Erly Childhood/Elem Practicum

Students participate in full-time student teaching in early childhood and elementary classrooms for 12 weeks. During this semester-long field-based placement, students hone classroom management skills, implement an extended integrated curriculum unit, deliver lessons in all content areas, and develop a wide range of assessment skills. The practicum culminates in two weeks of Lead Teaching, during which the student is responsible for managing all aspects of the classroom program.

Teaching English Lang Learners

This course addresses core competencies outlined in the Massachusetts Department of Education's English Language Learner certificate requirement. Readings in language acquisition theory, language learning and teaching, effective lesson design and assessment, Sheltered Instruction Observation Protocol, and knowledge of intercultural learners are covered. Students will have experience developing and adapting lessons and curriculum to address the needs of students in their pre-practicum settings.

The Art of Fact

This course will examine narrative non-fiction biographies written by women biographers in order to determine the specific ways in which women tell the stories of other women's lives. We will investigate stylistic and theoretical approaches to writing biographies in which gender is a central focus. We will ask if 'feminist biography' constitutes a literary genre. We will experience the challenges (and thrills) of conducting archival and primary research. The course will culminate in students writing chapter-length biographies.

Body Images & Practices /Relig

This course examines body images and practices in diverse religious traditions around the world. Working with different methodological and theoretical perspectives, we will ask the following questions: What are bodies?

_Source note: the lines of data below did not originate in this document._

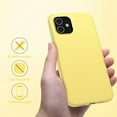 thumbnail image 6 of Dteck iPhone 11 Case, Ultra Slim Fit iPhone Case Liquid Silicone Gel Cover with Full Body Protection Anti-Scratch Shockproof Case Compatible with iPhone 11 6.1 inch, Yellow, 6 of 6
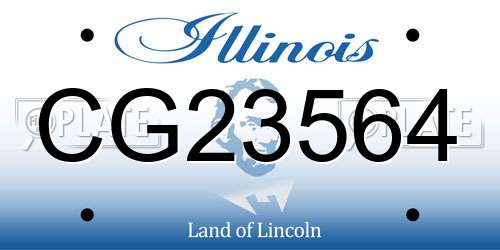 CG23564 Illinois License Plate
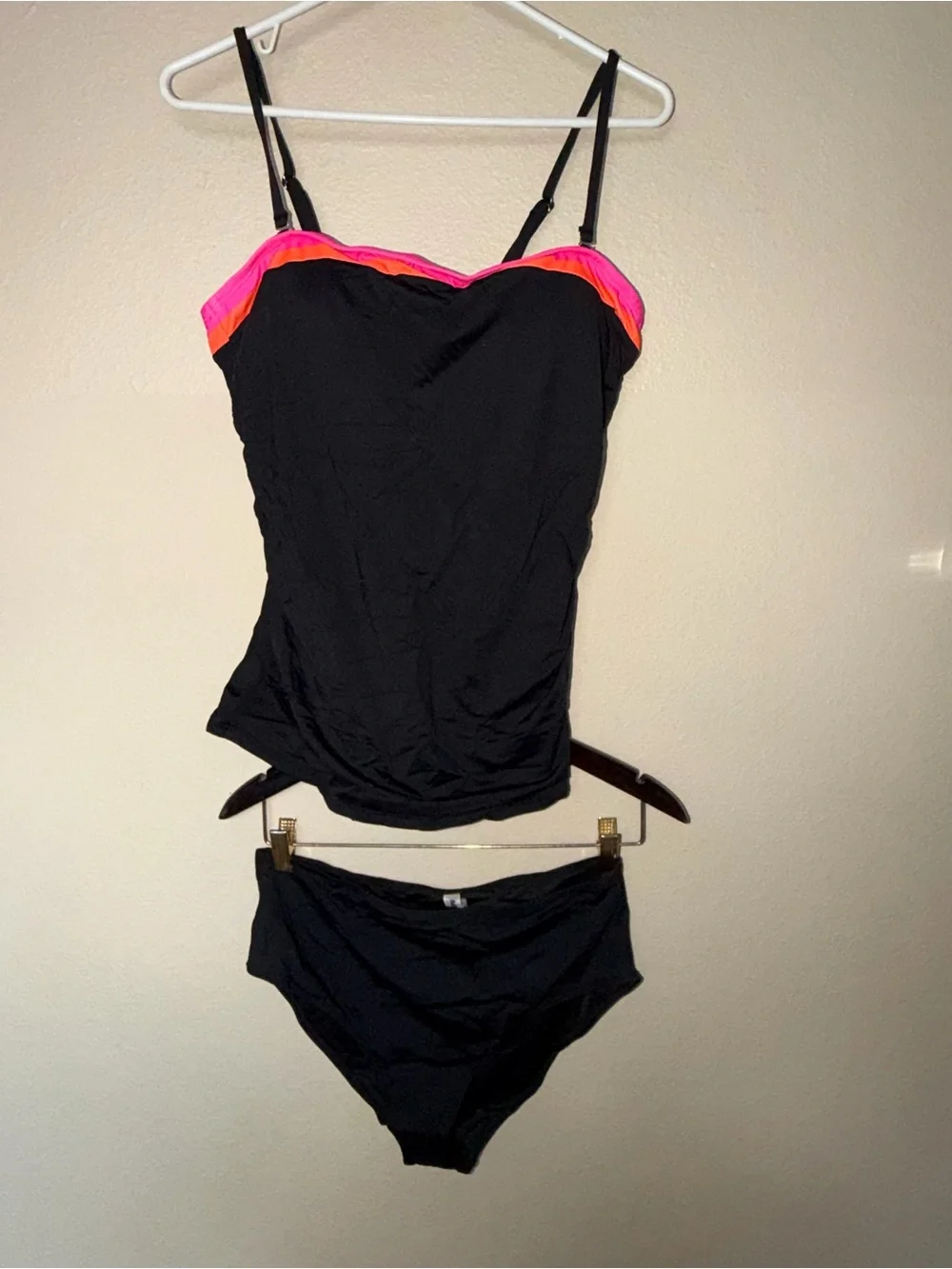 New Aqua Eve Bandeau Two Piece Tankini Sets  large
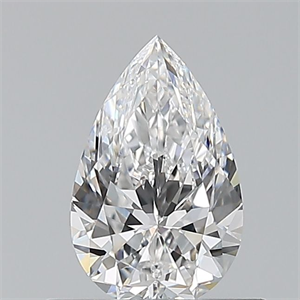 Picture of Natural Diamond 0.54 Carats, Pear with  Cut, E Color, VS1 Clarity and Certified by GIA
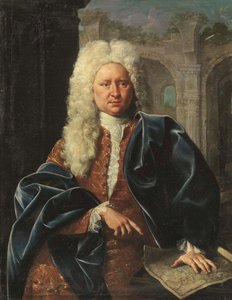 Portrait de Johann Baptist Homann (1664-1724) - German School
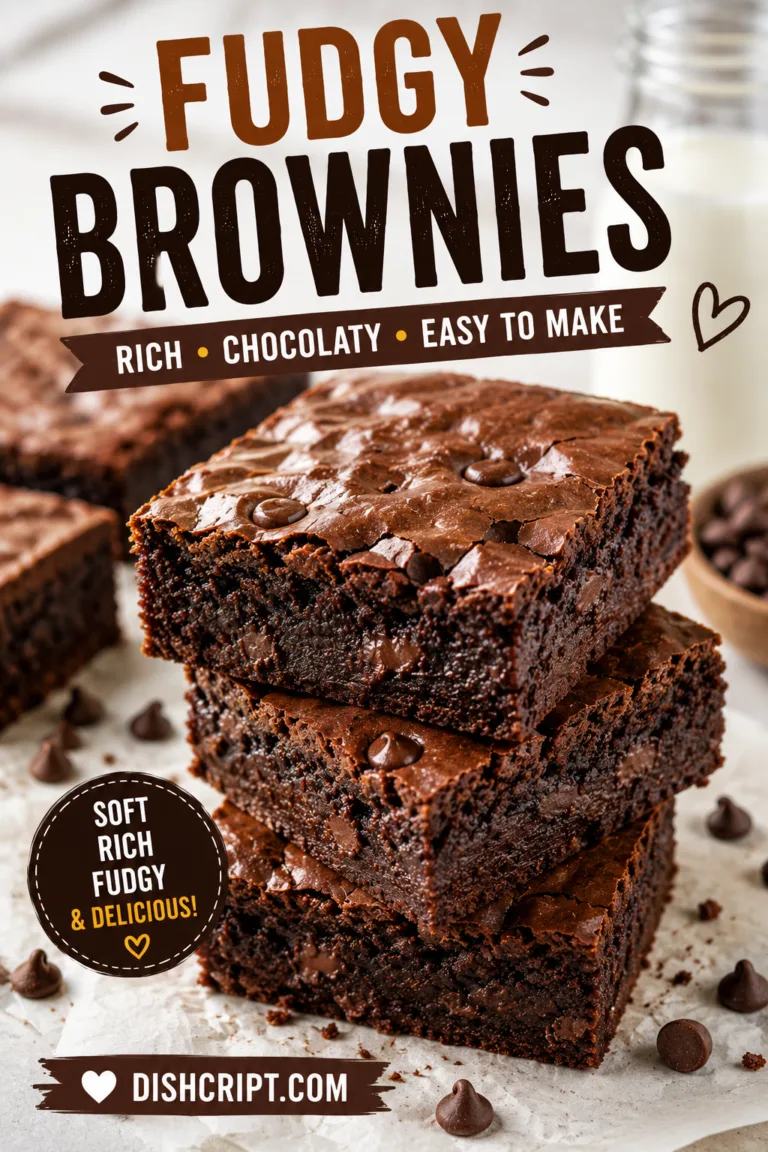 Fudgy Homemade Brownies Recipe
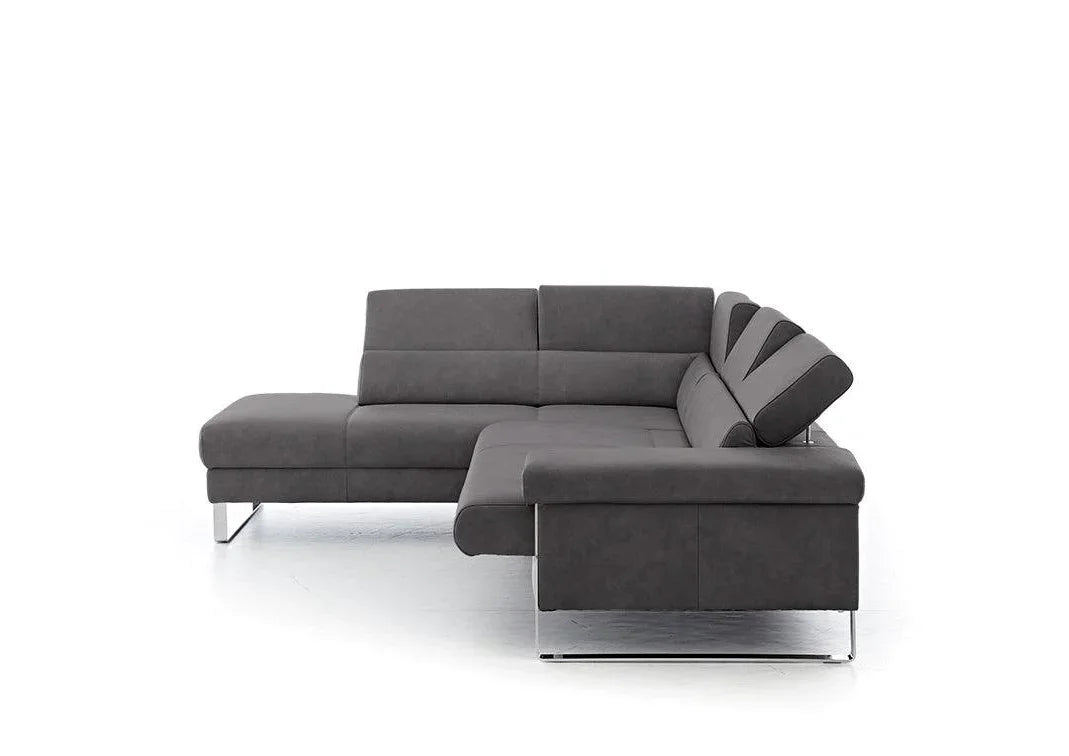 W.SCHILLIG Ecksofa finn 20974 Leder Z69/95 anthracite - Komfortmöbel24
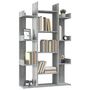 Voir la diapositive 4 : VIDAXL Bibliotheque Sonoma gris 86x25,5x140 cm Bois d'ingenierie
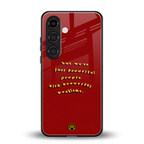 beautiful people with beautiful problems back phone cover | glass case for samsung galaxy s24 fe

How do body images perpetuate or challenge religious and social norms? What roles do bodies play in religious experience? We will generate answers to these questions by investigating a wide range of religious phenomena including healing rituals, relics, saints, fasting, asceticism, and modest dress.

Nature and Gender

This course will focus on portrayals of women in nineteenth- through mid-twentieth-century America, particularly in the context of nature and landscape. We will explore how women, often objectified in visual images of the period, appropriated established devices or developed new images and structures to represent womanhood in their own terms. Texts will include selected poetry, sketches, autobiographical essays or memoirs, short stories, novels, paintings, films, and photography.

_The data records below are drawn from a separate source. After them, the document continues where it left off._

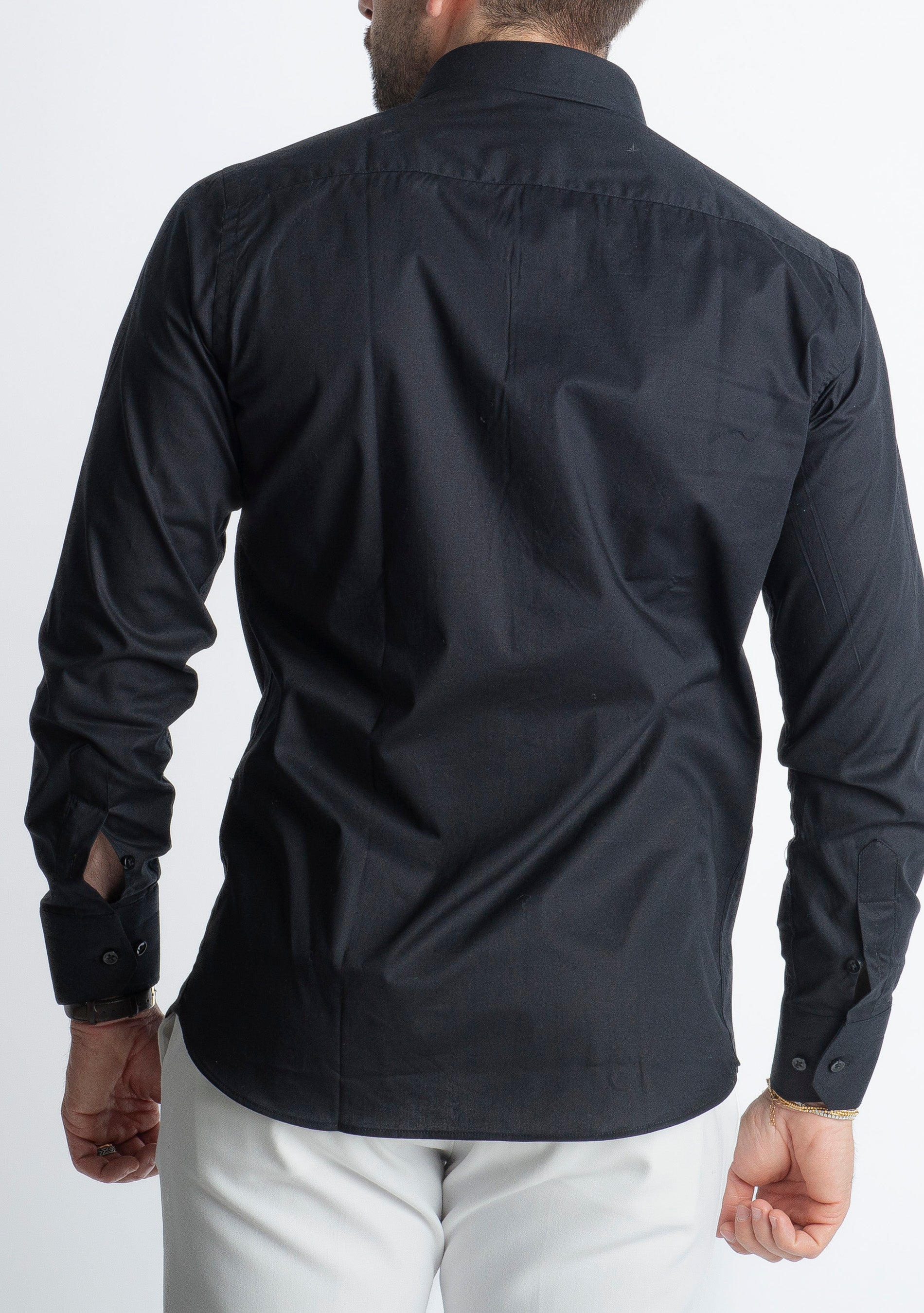 Camicia Tinta Unita Nera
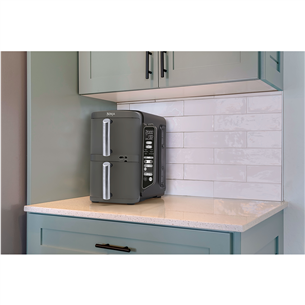 Ninja Double Stack XL 9,5 л, 2470 Вт, серый - Аэрогриль + термощуп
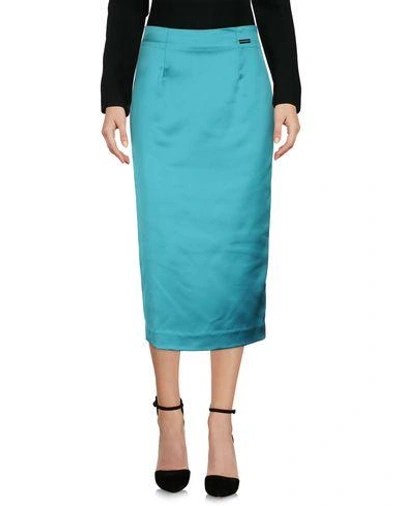 Shop Alessandro Dell'acqua 3/4 Length Skirts In Emerald Green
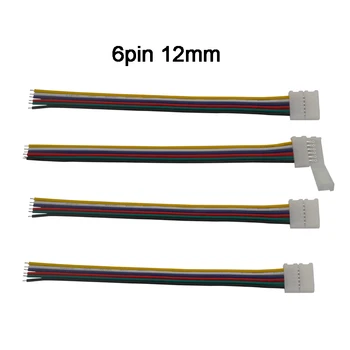 100ks led drôtu konektor 2pin 3pin 4pin 5pin 6pin konektor Kábel Pre WS2811 WS2812B 5050 RGB RGBW LED pásy Svetla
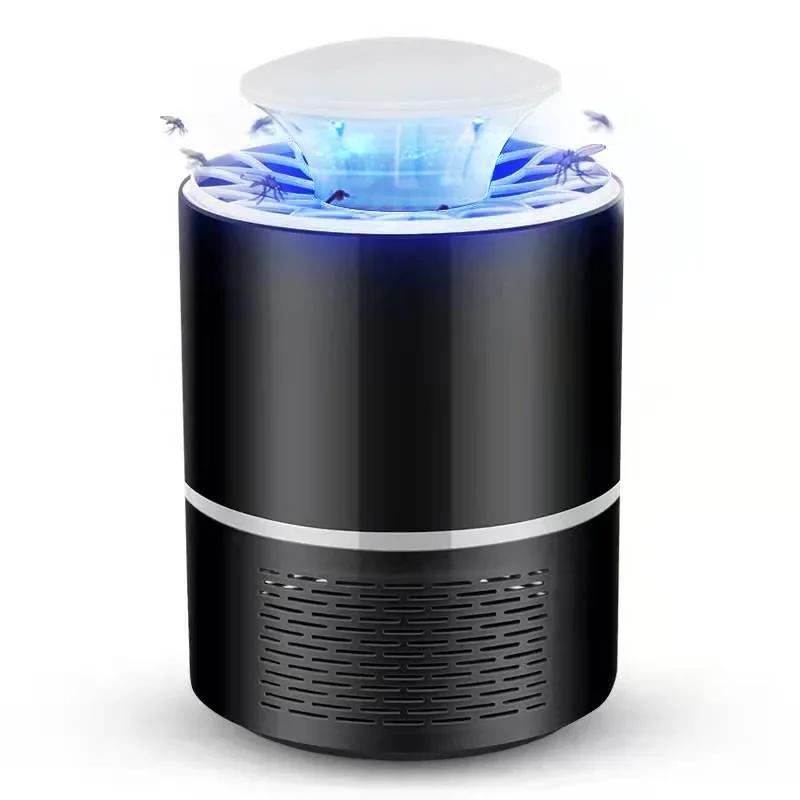 New LED indoor photocatalyst mosquito killer lamps USB black/white color direct plug mosquito trap lamp bedroom living room Hot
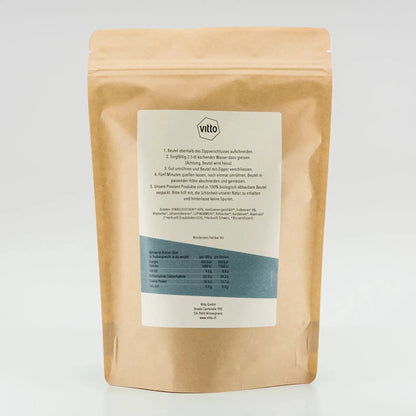 Trekking Nahrung Porridge Rückseite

Women & Gndr in Modern S. Asia

This colloquium will explore the history of South Asia as seen from women's perspectives. We will read writings by women from the ancient period to the present. We will focus on the diversity of women's experiences in a range of social, cultural, and religious contexts. Themes include sexuality, religiosity, rights to education and employment, violence against women, modernity and citizenship--in short, those issues central to women's movements in modern South Asia.